Real wages from 2007 to 2015 fell despite more jobs, says TUC
Data parsed by the Trades Union Congress (TUC) shows how wages fell 10.4 per cent between 2007 and 2015 – the biggest drop of any OECD country.
Meanwhile, wages grew by 23 per cent in Poland, 13.9 per cent in Germany and 10.5 per cent in France, with an OECD average rise of 6.7 per cent.
Only three OECD countries saw real wages fall: Greece, Portugal – economies ravaged by the financial crisis – and the United Kingdom.
The government has hailed growing employment rates since 2007-8, but today’s analysis shows this has not meant higher real wages for UK workers.
Germany, Hungary and Poland have boosted employment even more, and seen a rise in real wages at the same time.
Poverty has also remained steady in the UK, with two thirds of children in poverty living in working households, according to the IFS.

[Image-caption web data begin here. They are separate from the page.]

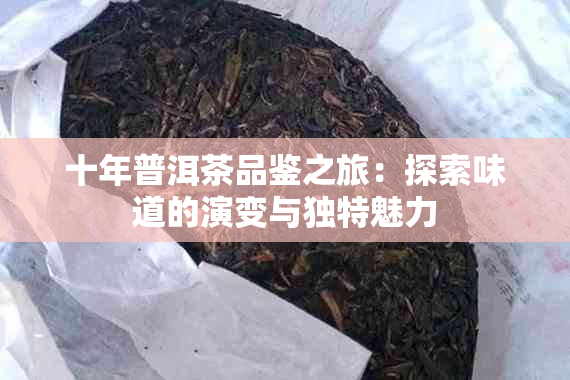 十年普洱茶品鉴之旅：探索味道的演变与独特魅力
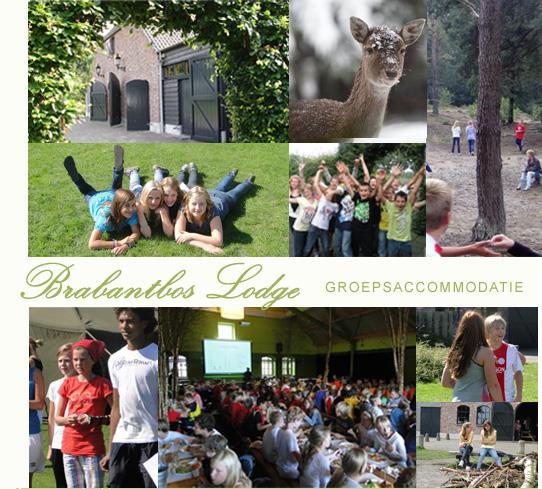 Grote foto schoolkamp in groepsaccommodatie nederland vakantie kinderen en jeugd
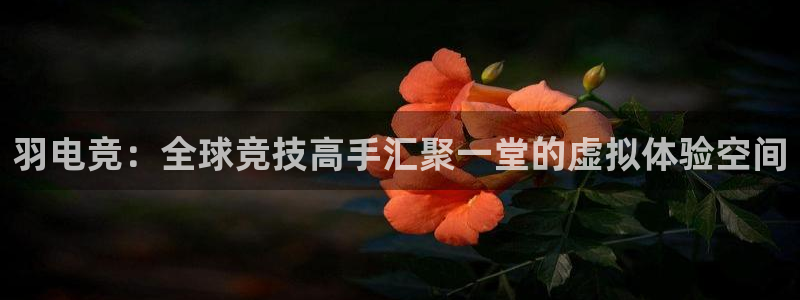 2021泛亚电竞网址：羽电竞：全球竞技高手汇聚一堂的虚拟体验空间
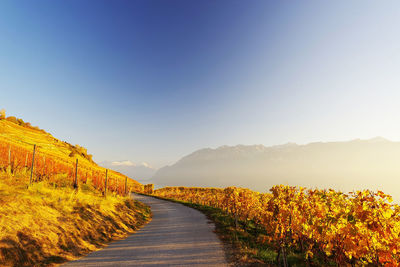 Road amidst landscape against clear sky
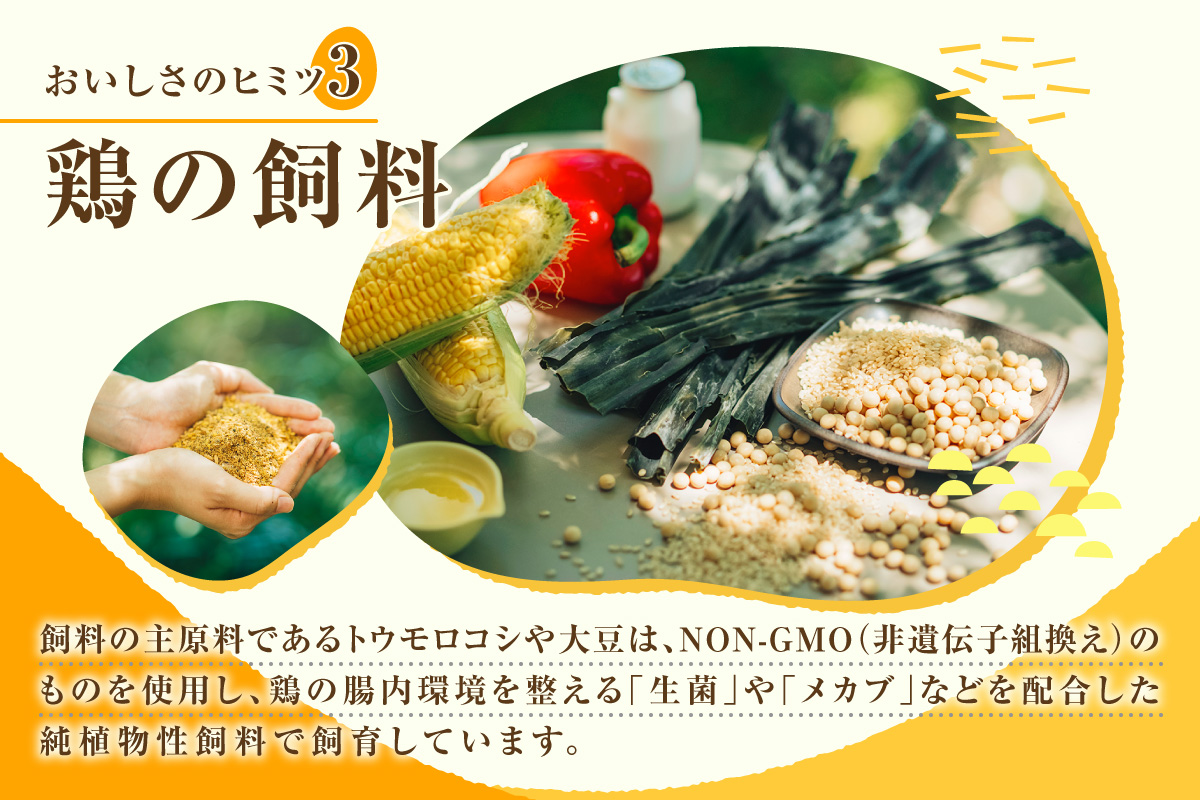 【12か月定期便】放し飼い米たまご35個+5個保証（計40個）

Frances O’Grady, TUC General Secretary, said:
‘Wages fell off the cliff after the financial crisis, and have barely begun to recover.
As the Bank of England recently argued, the majority of UK households have endured a ‘lost decade of income’.’
‘This analysis shows why the government needs to invest in large infrastructure projects to create more decent, well-paid jobs.
Other countries have shown that it is possible to increase employment and living standards at the same time.’